Data below
----------------------------------------
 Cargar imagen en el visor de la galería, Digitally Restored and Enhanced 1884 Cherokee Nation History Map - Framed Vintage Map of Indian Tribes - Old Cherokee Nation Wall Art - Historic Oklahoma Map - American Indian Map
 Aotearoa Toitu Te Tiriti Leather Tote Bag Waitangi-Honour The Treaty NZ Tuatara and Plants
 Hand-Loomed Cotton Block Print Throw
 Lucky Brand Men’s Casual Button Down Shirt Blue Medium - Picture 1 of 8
----------------------------------------
Exercise prompt
Starting at the line with "Aotearoa Toitu Te", retype each line through the final one in the data above, unchanged and with nothing added.

Reply
 Aotearoa Toitu Te Tiriti Leather Tote Bag Waitangi-Honour The Treaty NZ Tuatara and Plants
 Hand-Loomed Cotton Block Print Throw
 Lucky Brand Men’s Casual Button Down Shirt Blue Medium - Picture 1 of 8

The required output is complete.